In the studio, there is no time. All history is the present, and the present is history.
—Sabine Moritz
Gagosian is pleased to announce Frost, an exhibition of new abstract paintings by Sabine Moritz. This is the artist’s second exhibition with the gallery and her first on the West Coast.
Moritz’s paintings, drawings, and prints envision moments suspended in time. In her earlier work, the artist juxtaposes interpretations of her immediate surroundings and signifiers of the natural world with deconstructed documentary images; in many of her recent canvases, she adopts a more narrative approach, which she augments by using a horizontal format. Continually altering and deploying a wide range of abstract and symbolic motifs, Moritz explores the dynamics of transience and decay in works that locate personal experiences within broadly shared histories.
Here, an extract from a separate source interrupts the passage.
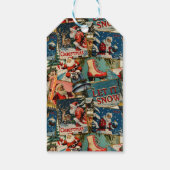 Retro Vintage Weihnachtskarten Collage Geschenkanhänger (Rückseite)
Since 2015, Moritz has increasingly worked in an abstract mode, creating paintings that she dubs “psychological landscapes,” titled after elements, locations, months, seasons, and mythological entities. In these works, overlapping brushstrokes are allied with chromatic contrasts in improvised compositions. Searching for primal sensory experience, Moritz avoids preliminary sketching, confronting the viewer instead with an unmediated dialogue between color and gesture that addresses recollection and history in a consciously oblique, ambiguous manner.
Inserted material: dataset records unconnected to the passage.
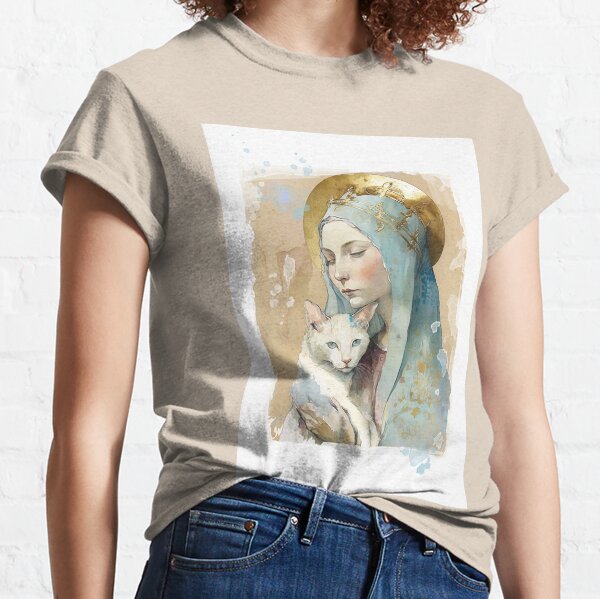 Mother of God Holy Mary with Cat watercolor Classic T-Shirt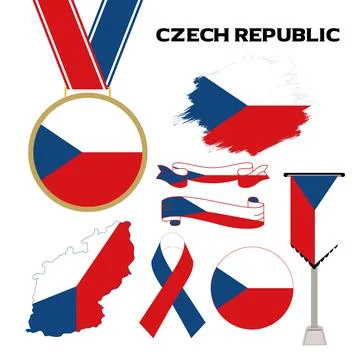 Elements Collection With The Flag of Czech Republic Design Template Stock Illustration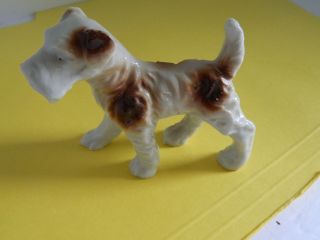Vintage Terrier Dog Ceramic Porcelain Figurine Brown White Marked Japan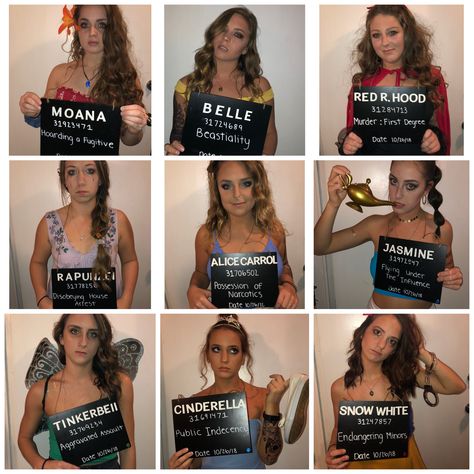 Princess In Jail Halloween Costume, Princesses In Jail Costume, Disney Princess Jail Costume, Disney Princess Mugshots Costume, Princesses Gone Bad Costume, Princess Jail Halloween Costume, Halloween Jail Costume, Jail Break Costume, Fairy Group Costume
In the twenty new canvases on view in Beverly Hills, Moritz presents dense arrays of painterly marks that harness the emotional power of color while retaining a consistent visual rhythm. With titles that refer to time and place, and to poetry—And the lovers lie abed, with all their griefs in their arms (D. T.) (2024) is taken from Dylan Thomas’s ars poetica “In My Craft or Sullen Art,” from his 1946 collection Deaths and Entrances—the works repay extended looking. Moritz applies pigment vigorously and in layers, sometimes as impasto, which is then scraped back to imbue the surface with a varied texture. Engineering collisions between shape and hue, she sometimes also suggests figures emerging from or disappearing into the works’ interlocking patterns. This establishes references to artists of different epochs who have integrated the human form into landscape paintings. Like frost, which seems suspended between liquid and solid conditions, Moritz’s figures exist in an enigmatic liminal state.
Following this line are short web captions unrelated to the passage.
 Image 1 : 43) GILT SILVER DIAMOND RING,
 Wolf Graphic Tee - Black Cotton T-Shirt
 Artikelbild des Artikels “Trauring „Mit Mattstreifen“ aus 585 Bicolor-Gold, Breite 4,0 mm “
Sabine Moritz’s paintings, drawings, and prints appear timeless yet endlessly shifting, each a suspended moment that explores the complex workings of memory. By situating observations of her immediate surroundings alongside deconstructed and de-historicized documentary images, and adapting and repurposing a catalogue of symbolic motifs, Moritz ponders the fragile constitution and mercurial dynamics of recollection. Both figurative and abstract, her works enhance our sensitivity to the passage of time, locating personal experience within shared narratives to examine ideas of transience and decay.
Moritz was born in 1969 in Quedlinburg, between Hannover and Leipzig, in East Germany. From 1973 to 1981, she lived in Lobeda, near Jena, also in East Germany. In 1985, a few years prior to the fall of the Berlin Wall, she immigrated with her family to Darmstadt, in West Germany. In 1988 she enrolled at the Hochschule für Gestaltung Offenbach (Offenbach University of Art and Design), where she studied under Adam Jankowski. From 1991 she continued her studies at the Kunstakademie Düsseldorf (Academy of Art Düsseldorf), initially under Markus Lüpertz, then under Gerhard Richter.
Between 1991 and 1992, Moritz produced Lobeda, a series of 149 large-scale monochrome pencil and charcoal drawings that remained unseen until 2009 when curator Hans Ulrich Obrist discovered them in her studio. Lobeda was published in 2010 by Buchhandlung Walther König and exhibited at the Kunsthaus sans titre, Potsdam, in 2011. The works depict everyday scenes from Moritz’s formative years in Lobeda and Neulobeda. A subsequent series, JENA Düsseldorf (2011), was inspired by a return visit to the area and derives additional imagery from the artist’s family photographs. It pictures Moritz’s memories of special moments, including her first day at school, as well as public sites that are significant to the region’s broader history.